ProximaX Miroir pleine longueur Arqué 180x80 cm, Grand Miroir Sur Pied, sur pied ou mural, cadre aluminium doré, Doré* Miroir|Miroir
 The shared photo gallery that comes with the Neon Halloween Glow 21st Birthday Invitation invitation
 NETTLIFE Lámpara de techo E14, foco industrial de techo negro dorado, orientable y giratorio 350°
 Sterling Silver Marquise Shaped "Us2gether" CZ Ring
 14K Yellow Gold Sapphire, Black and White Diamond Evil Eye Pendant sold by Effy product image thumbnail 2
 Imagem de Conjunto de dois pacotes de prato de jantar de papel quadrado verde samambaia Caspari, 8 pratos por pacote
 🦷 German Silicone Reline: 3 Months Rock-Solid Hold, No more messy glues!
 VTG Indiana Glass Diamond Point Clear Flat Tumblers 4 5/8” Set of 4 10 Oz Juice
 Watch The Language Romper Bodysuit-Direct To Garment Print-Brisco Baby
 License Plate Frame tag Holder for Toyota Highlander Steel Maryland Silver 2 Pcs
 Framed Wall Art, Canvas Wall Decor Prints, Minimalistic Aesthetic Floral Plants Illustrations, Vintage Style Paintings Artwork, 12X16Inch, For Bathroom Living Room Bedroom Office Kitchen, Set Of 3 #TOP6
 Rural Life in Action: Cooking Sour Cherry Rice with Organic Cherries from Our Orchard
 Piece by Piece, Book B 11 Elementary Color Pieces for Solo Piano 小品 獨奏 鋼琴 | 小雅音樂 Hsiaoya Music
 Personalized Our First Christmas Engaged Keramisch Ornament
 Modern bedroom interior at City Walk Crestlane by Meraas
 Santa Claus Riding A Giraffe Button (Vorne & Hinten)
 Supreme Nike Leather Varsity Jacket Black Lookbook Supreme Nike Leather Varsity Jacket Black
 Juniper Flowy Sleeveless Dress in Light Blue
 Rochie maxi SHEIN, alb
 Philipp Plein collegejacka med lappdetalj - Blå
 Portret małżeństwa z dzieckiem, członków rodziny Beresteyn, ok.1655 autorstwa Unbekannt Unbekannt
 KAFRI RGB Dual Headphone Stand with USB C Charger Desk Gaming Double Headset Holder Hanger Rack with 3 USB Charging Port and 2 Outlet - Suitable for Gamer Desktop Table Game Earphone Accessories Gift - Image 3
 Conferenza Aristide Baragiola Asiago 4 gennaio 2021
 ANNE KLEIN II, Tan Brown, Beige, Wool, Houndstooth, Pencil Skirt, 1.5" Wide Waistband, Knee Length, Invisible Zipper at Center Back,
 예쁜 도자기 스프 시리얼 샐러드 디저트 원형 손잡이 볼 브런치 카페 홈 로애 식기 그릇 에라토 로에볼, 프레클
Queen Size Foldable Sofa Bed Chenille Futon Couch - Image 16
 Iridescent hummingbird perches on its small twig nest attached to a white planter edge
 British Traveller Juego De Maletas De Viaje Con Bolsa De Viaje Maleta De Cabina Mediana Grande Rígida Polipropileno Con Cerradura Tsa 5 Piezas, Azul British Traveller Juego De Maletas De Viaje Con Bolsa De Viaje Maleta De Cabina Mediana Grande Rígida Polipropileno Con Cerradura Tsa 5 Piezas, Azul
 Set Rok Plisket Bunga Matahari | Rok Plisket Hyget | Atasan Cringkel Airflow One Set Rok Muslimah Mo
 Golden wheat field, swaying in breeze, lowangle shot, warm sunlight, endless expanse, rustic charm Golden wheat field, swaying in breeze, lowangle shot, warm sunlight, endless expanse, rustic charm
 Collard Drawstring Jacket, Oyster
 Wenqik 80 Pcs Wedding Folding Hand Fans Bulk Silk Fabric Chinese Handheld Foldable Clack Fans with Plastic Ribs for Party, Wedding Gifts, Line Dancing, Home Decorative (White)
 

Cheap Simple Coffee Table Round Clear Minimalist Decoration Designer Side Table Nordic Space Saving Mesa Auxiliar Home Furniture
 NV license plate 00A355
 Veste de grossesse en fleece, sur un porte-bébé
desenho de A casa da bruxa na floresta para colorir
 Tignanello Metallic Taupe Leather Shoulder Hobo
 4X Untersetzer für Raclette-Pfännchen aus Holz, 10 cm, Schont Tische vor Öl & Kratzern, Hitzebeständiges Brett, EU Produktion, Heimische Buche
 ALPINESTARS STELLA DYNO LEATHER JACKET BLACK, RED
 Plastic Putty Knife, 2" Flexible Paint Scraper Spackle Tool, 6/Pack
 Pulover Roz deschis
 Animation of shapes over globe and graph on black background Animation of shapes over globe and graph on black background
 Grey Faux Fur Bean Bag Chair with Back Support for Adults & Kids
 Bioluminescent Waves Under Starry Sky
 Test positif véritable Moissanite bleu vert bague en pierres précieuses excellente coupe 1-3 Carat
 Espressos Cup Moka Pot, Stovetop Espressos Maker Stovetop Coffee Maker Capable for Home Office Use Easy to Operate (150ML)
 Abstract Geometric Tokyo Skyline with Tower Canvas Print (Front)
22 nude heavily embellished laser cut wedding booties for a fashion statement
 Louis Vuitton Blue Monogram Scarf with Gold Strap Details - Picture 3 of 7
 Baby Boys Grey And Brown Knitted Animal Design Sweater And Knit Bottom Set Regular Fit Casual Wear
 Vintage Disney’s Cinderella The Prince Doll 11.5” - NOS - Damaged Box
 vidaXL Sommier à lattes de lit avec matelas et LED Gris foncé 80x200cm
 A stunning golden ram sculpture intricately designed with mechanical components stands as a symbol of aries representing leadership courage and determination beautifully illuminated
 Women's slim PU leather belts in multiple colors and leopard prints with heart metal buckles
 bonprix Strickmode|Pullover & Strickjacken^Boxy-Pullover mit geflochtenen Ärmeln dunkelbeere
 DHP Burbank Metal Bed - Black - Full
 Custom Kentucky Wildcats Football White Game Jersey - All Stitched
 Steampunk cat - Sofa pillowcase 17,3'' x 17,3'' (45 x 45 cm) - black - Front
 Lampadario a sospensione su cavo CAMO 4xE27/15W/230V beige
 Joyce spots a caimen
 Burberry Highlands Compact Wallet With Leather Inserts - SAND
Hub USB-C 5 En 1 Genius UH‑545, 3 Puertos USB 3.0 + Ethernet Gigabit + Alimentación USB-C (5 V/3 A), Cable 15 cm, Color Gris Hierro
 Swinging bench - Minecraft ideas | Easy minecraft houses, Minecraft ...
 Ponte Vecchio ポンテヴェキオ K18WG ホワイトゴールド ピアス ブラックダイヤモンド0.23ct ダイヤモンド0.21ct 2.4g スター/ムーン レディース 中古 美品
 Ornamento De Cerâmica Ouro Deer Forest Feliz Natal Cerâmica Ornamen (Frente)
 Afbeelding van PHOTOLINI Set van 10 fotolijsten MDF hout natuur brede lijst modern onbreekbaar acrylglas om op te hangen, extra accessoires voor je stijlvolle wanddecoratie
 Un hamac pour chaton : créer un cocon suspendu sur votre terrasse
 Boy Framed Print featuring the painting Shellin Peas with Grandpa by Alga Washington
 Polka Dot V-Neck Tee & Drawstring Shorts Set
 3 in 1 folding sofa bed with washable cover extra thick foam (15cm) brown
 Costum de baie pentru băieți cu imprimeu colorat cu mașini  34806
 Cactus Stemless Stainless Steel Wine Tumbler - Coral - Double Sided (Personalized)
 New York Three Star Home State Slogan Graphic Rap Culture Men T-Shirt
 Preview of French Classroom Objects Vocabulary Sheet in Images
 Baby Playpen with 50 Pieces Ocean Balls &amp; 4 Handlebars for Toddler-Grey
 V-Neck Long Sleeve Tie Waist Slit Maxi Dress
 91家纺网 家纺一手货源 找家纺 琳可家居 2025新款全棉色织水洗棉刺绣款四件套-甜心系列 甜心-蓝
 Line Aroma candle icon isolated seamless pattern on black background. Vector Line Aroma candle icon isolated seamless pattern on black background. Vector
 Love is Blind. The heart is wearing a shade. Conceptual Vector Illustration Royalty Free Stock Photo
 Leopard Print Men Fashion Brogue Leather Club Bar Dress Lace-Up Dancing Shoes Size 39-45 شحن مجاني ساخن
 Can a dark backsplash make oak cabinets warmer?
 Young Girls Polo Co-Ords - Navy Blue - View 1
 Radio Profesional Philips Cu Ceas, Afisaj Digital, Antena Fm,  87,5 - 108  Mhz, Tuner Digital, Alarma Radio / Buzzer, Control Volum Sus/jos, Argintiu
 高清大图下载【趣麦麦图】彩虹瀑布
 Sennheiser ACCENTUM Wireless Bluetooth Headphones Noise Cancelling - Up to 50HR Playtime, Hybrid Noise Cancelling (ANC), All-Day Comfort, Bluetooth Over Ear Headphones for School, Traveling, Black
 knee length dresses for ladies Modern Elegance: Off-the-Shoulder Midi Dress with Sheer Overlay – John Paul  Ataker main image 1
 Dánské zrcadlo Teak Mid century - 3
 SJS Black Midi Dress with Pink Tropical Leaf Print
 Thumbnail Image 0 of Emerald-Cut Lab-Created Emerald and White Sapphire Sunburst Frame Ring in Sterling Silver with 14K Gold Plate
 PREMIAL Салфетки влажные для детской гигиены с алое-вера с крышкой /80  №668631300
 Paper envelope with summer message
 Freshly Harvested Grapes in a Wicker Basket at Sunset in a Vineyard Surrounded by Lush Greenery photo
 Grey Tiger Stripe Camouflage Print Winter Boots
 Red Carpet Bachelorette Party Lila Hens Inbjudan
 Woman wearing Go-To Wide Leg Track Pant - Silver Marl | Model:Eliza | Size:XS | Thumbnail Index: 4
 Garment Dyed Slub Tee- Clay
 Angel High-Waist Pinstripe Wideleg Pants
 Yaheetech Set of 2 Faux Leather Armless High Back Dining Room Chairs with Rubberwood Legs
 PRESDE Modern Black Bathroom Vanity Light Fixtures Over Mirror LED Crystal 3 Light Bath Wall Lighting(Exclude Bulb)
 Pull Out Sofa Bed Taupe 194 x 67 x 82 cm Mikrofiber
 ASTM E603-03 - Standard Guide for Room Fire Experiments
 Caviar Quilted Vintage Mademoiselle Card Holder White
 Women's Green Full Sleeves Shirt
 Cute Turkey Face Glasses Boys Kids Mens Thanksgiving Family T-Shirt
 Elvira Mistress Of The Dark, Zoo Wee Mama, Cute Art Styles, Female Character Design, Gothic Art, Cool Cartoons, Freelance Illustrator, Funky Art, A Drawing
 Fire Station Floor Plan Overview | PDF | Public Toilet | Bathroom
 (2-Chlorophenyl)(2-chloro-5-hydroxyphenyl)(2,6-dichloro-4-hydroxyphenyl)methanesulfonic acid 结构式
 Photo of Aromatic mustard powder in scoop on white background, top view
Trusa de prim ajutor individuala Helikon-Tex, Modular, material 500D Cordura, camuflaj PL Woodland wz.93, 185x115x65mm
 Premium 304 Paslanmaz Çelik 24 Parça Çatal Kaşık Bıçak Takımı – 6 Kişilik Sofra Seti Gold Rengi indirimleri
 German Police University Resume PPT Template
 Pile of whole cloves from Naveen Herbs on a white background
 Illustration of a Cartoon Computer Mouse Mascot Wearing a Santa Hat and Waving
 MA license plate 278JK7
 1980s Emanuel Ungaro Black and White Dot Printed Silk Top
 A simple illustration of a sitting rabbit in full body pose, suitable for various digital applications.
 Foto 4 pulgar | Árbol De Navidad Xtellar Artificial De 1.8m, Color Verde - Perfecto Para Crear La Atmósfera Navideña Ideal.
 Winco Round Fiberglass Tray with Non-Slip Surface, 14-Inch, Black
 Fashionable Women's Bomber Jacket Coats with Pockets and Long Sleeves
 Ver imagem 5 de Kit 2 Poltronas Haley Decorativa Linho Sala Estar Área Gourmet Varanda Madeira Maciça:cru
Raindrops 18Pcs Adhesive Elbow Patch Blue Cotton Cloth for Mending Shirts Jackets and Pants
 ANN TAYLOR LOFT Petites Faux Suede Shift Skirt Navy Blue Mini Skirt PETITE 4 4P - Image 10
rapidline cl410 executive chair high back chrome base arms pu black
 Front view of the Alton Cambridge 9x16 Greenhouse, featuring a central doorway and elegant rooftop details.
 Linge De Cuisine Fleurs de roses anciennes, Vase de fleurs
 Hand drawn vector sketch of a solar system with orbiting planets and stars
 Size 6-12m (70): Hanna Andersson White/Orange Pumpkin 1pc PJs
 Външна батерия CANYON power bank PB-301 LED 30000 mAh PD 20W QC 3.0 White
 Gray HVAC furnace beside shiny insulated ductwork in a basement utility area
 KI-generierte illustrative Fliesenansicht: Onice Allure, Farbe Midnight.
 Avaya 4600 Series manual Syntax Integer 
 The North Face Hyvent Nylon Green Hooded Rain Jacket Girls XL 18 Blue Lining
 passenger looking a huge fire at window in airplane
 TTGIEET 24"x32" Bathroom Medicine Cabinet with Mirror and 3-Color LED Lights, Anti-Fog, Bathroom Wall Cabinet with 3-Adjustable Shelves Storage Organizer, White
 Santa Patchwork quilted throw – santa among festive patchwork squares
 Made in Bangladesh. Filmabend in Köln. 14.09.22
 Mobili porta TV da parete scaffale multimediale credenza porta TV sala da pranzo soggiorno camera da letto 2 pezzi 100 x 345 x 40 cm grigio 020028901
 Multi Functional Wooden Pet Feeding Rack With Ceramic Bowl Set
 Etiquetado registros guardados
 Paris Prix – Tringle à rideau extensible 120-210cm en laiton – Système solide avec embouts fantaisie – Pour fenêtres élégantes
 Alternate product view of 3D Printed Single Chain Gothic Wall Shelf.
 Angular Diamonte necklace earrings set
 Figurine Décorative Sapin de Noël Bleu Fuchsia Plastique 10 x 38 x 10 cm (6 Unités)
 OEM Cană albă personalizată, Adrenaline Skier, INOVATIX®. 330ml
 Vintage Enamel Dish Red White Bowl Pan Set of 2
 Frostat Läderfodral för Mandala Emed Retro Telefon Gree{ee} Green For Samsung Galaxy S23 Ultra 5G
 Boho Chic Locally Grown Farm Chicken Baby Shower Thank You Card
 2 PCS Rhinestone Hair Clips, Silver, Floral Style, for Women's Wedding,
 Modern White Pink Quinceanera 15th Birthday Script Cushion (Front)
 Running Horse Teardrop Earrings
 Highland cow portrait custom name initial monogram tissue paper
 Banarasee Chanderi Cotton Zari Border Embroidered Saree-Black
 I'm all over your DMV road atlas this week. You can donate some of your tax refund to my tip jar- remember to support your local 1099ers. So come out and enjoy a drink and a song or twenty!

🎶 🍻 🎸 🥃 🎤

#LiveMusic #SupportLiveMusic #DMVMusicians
|---|
AIM OF THE TASK: Write out exactly the lines above from the line with "Espressos Cup Moka" through the line with "New York Three", both of them included, and leave out all other lines.

RESPONSE BOX:
 Espressos Cup Moka Pot, Stovetop Espressos Maker Stovetop Coffee Maker Capable for Home Office Use Easy to Operate (150ML)
 Abstract Geometric Tokyo Skyline with Tower Canvas Print (Front)
22 nude heavily embellished laser cut wedding booties for a fashion statement
 Louis Vuitton Blue Monogram Scarf with Gold Strap Details - Picture 3 of 7
 Baby Boys Grey And Brown Knitted Animal Design Sweater And Knit Bottom Set Regular Fit Casual Wear
 Vintage Disney’s Cinderella The Prince Doll 11.5” - NOS - Damaged Box
 vidaXL Sommier à lattes de lit avec matelas et LED Gris foncé 80x200cm
 A stunning golden ram sculpture intricately designed with mechanical components stands as a symbol of aries representing leadership courage and determination beautifully illuminated
 Women's slim PU leather belts in multiple colors and leopard prints with heart metal buckles
 bonprix Strickmode|Pullover & Strickjacken^Boxy-Pullover mit geflochtenen Ärmeln dunkelbeere
 DHP Burbank Metal Bed - Black - Full
 Custom Kentucky Wildcats Football White Game Jersey - All Stitched
 Steampunk cat - Sofa pillowcase 17,3'' x 17,3'' (45 x 45 cm) - black - Front
 Lampadario a sospensione su cavo CAMO 4xE27/15W/230V beige
 Joyce spots a caimen
 Burberry Highlands Compact Wallet With Leather Inserts - SAND
Hub USB-C 5 En 1 Genius UH‑545, 3 Puertos USB 3.0 + Ethernet Gigabit + Alimentación USB-C (5 V/3 A), Cable 15 cm, Color Gris Hierro
 Swinging bench - Minecraft ideas | Easy minecraft houses, Minecraft ...
 Ponte Vecchio ポンテヴェキオ K18WG ホワイトゴールド ピアス ブラックダイヤモンド0.23ct ダイヤモンド0.21ct 2.4g スター/ムーン レディース 中古 美品
 Ornamento De Cerâmica Ouro Deer Forest Feliz Natal Cerâmica Ornamen (Frente)
 Afbeelding van PHOTOLINI Set van 10 fotolijsten MDF hout natuur brede lijst modern onbreekbaar acrylglas om op te hangen, extra accessoires voor je stijlvolle wanddecoratie
 Un hamac pour chaton : créer un cocon suspendu sur votre terrasse
 Boy Framed Print featuring the painting Shellin Peas with Grandpa by Alga Washington
 Polka Dot V-Neck Tee & Drawstring Shorts Set
 3 in 1 folding sofa bed with washable cover extra thick foam (15cm) brown
 Costum de baie pentru băieți cu imprimeu colorat cu mașini  34806
 Cactus Stemless Stainless Steel Wine Tumbler - Coral - Double Sided (Personalized)
 New York Three Star Home State Slogan Graphic Rap Culture Men T-Shirt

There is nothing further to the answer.